Joshua Winters makes his initial appearance in Natrona County Circuit Court in July 2016. A jury convicted him in May on all counts.

File, Star-Tribune

A judge on Friday sentenced a carnival worker to a maximum of 115 years in prison for sexually assaulting a 5-year-old boy whom he kidnapped from a Casper bowling alley last year.

As Natrona County District Court Judge Thomas Sullins handed down the sentence, the mother of the victim hugged her boyfriend while former carnival worker Joshua Winters rocked back and forward on the soles of his feet.

Joshua Winters received a 50- to 70-year sentence for kidnapping and 30 to 45 years on merged charges of first and second-degree sexual abuse of a minor. That sentence will begin after Winters completes his first sentence, meaning he would need to serve 80 to 115 years in prison. He received credit for 416 days served.

Winters, 34, was convicted in May after a four-day jury trial in which he took the stand in his own defense.

At his sentencing hearing Friday in Natrona County District Court, Winters maintained his innocence. He said he still did not remember the entirety of the July 2016 day when he kidnapped and molested the child.

“I know deep down in my heart I would not harm a child,” Winters said, despite a jury finding beyond a reasonable doubt that he had done just that.

Winters claimed he had a problem with alcohol, rather than “with children.”

“I beg you to give me the chance to live my life again,” he said. As Winters worked toward the conclusion of his remarks, the victim’s mother whispered, “how much longer?”

Soon after, Sullins handed down the sentence, asking that Winters also have access to “any and all” substance use treatment available to him in prison.

Unusual start

The hearing began just after 10:30 a.m., with Sullins considering whether to allow the victim’s father and step-mother to listen in on the proceedings by phone from their out-of-state home.

The judge eventually decided to allow them to listen in without speaking, although he noted it was a procedure typically confined to civil cases, rather than criminal ones. The couple was not allowed to speak during the hearing, but did provide a written statement to the court.

The victim’s mother spoke soon thereafter, saying “It takes a lot of courage to come up here.”

She said Winters had HIV, and her son had to be tested for the virus.

Thus far, the results have come back negative, Oldham said later.

The victim, who splits time between his parents’ homes, visited Casper over the summer, which his mother described as traumatic. She said he may not return to the town again.

Halfway through her statement, she said “I have so much more to say but I don’t know if I’m gonna be able to,” as her voice quivered.

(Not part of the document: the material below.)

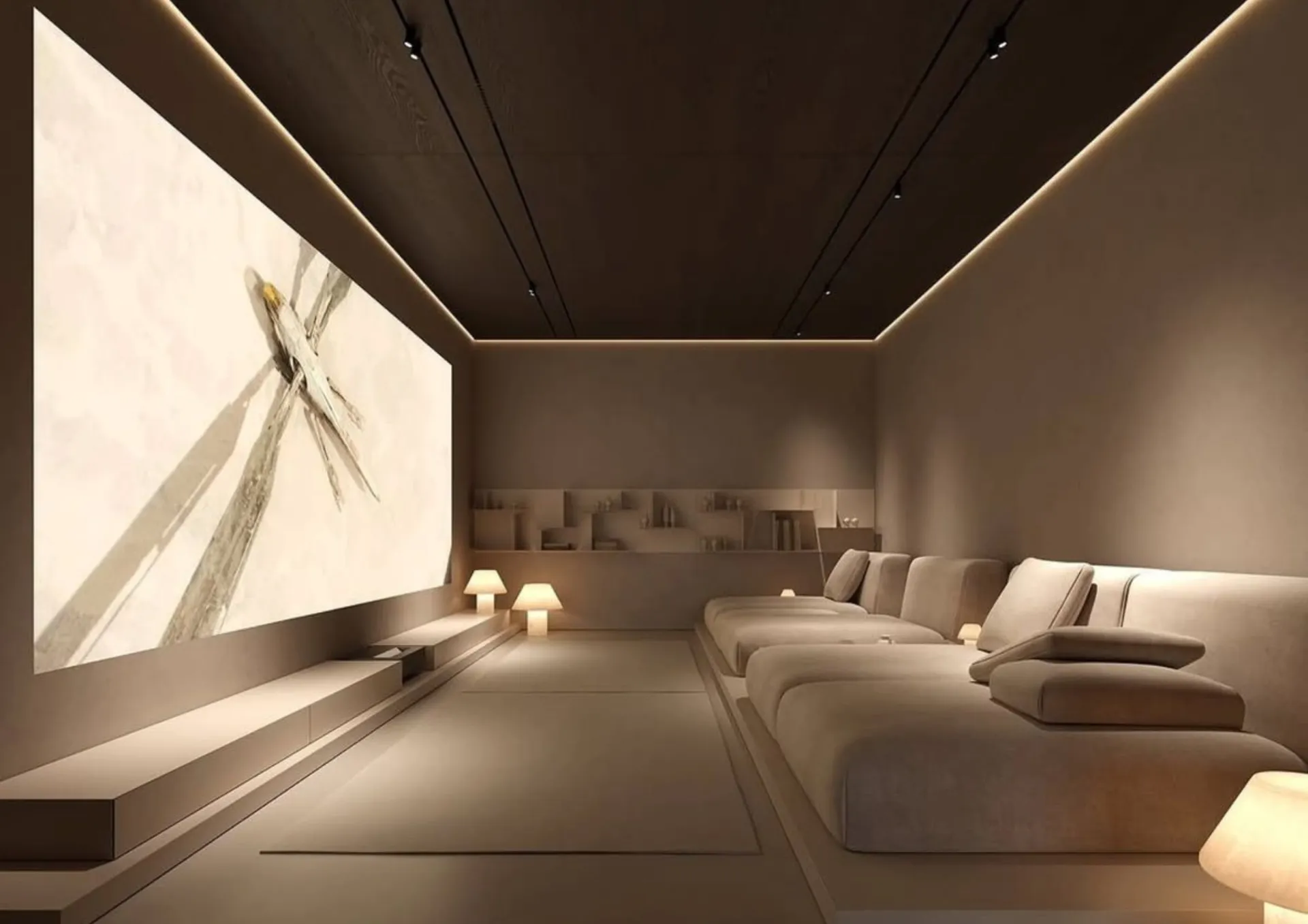 Home Cinema Projection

She said her son was undergoing counseling as a result of the trauma he endured at Winters’ hands, and said Winters will “have to live with (his actions) the rest of his life.”

A man who described himself as a “long-time friend” of Winters spoke next, alternating between questioning the quality of Winters’s defense counsel, bemoaning Winters’s fraught childhood and referencing the Sermon on the Mount.

Jim Arcane of Massachusetts concluded his remarks by asking the judge to sentence his friend to probation and allow Winters to stay with him on the east coast.

In contrast, the prosecuting attorney sought a 125-year-to-life sentence for Winters, describing the victim’s tears on the morning of the crime as “the kind of crying that shakes the entire community.”

After Oldham asked for leniency in sentencing his client, he said his request seems “ridiculous to just about everybody in (the) courtroom except me and my client.”

When Winters spoke, he described the investigative interrogation process as “intense and deceitful.”

That did little to sway Judge Sullins, who noted that jurors had found that Winters committed the kidnapping specifically to sexually assault the boy.

“The aggravating factors are many in number,” Sullins said.

After being sentenced, Winters waved to his friend and was escorted out of the courtroom.

“Justice has been served”

After the hearing ended, prosecutor Kevin Taheri described the sentence as “appropriate when you consider the crimes (Winters) was convicted of.”

The victim’s mother said the boy and his brother were both having a hard time healing from the event. She described the past year as “the most horrifying...year ever in my entire life.”

Winters “blaming” his alcohol use and childhood trauma for his actions was “unbelievable,” she said.

“I’m glad he’s gone,” she said. “Justice has been served.”